A machine in an ice factory is capable of exerting 3.00x10^2 N of force to pull a large block of ice up a slope. The block weighs 1.22 x 10^4 N. Assuming there is no friction, what is the maximum angle that the slop can make with the horizontal if the machine is able to complete the task?

14.24°

Explanation:

Force applied to the object up the plane is the moving force (Fm). The frictional force (Ff) is always acting up the plane. Since there is no friction, frictional force is 0N. Therefore the only force needed to move the body up the slope is the moving force.
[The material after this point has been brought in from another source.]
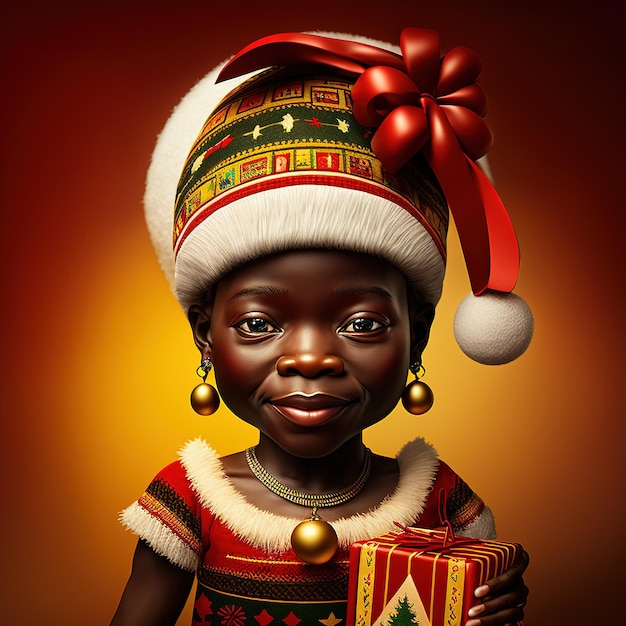 amusing representation of an african person as santa claus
Mathematically,

Fm = Wsin (theta) {force acting along the plane}

Given Fm = 300N, Weight = 1220N

Substituting this values in the formula to get theta we have;

300 = 1220sin (theta)

sintheta = 300/1220

Sintheta = 0.246

theta = arcsin 0.246

theta = 14.24°

Therefore, the maximum angle that the slop can make with the horizontal if the machine is able to complete the task is 14.24°

1.41 °

Explanation:

From machine,

The formula for the efficiency of machine is

E (%) = (M. A/V. R) * 100 ... Equation 1

Where E (%) = Percentage Efficiency of the machine, M. A = Mechanical Advantage of the machine, V. R = Velocity ratio of the machine.
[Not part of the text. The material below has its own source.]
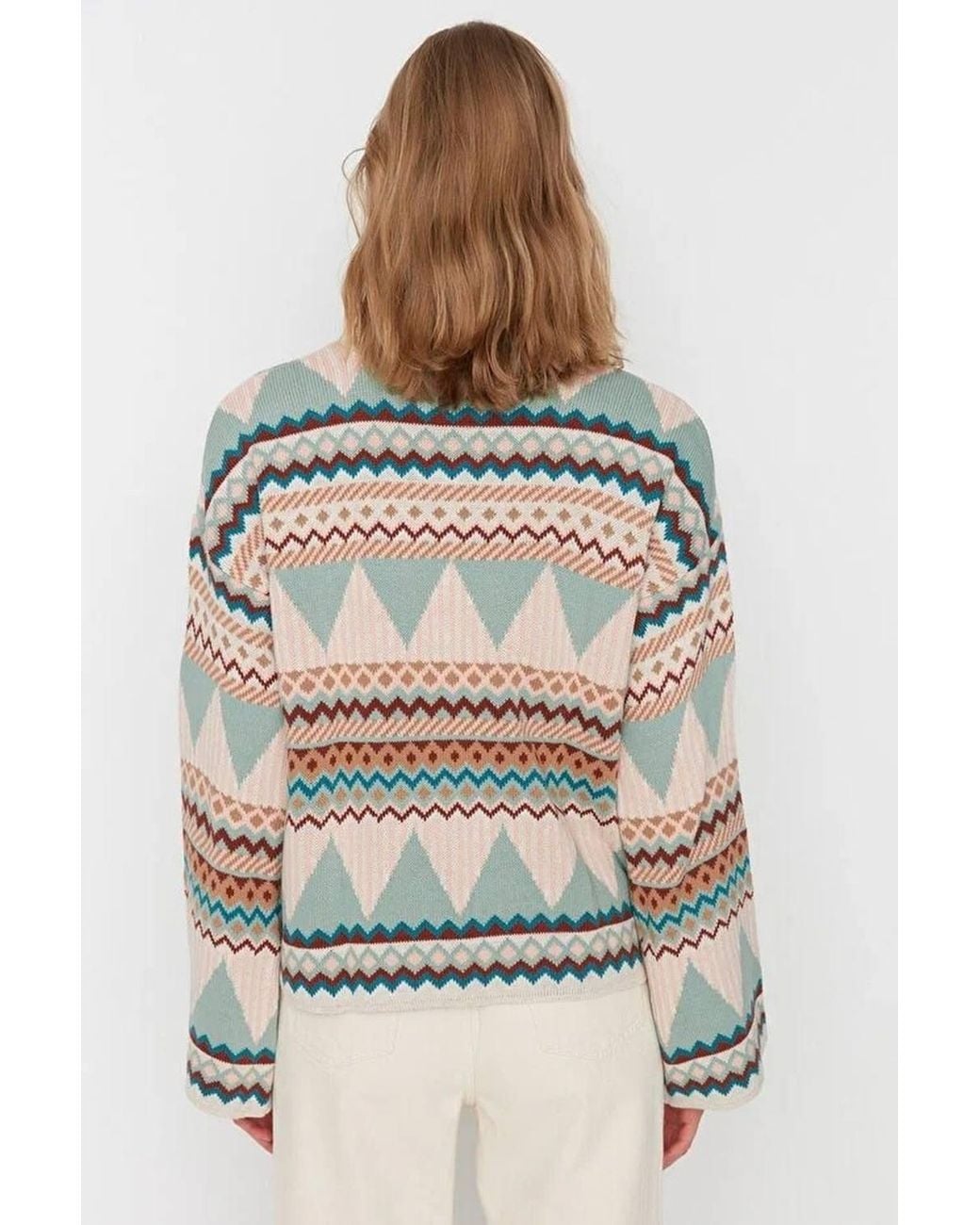 WOVCOR Gray Geo Pattern Crew Neck Knit Jumper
Note: A slope forms an an inclined plane with the horizontal

Make V. R the subject of the equation

V. R = 100M. R/E (%) ... Equation 2

But,

M. A = L/E ... Equation 3

Where Load, E = Effort.

Given: E = 3.00*10² N, L = 1.22*10⁴ N

Substitute into equation 3

M. A = 1.22*10⁴ / 3.00*10²

M. A = 40.7.

Note: Assuming no friction means that the efficiency of the inclined plane (slope) = 100 %

Hence, E (%) = 100 %

Substitute into equation 2

V. R = 100 (40.7) / 100

V. R = 40.7.

The velocity of an inclined plane is

V. R = 1/sin∅ ... Equation 4

Where ∅ = maximum angle that the slope makes with the horizontal.

make ∅ the subject of the equation

∅ = sin⁻¹ (1/V. R) ... Equation 5

Substitute the value of V. R into equation 5

∅ = sin⁻¹ (1/40.7)

∅ = sin⁻¹ (0.0246)

∅ = 1.41 °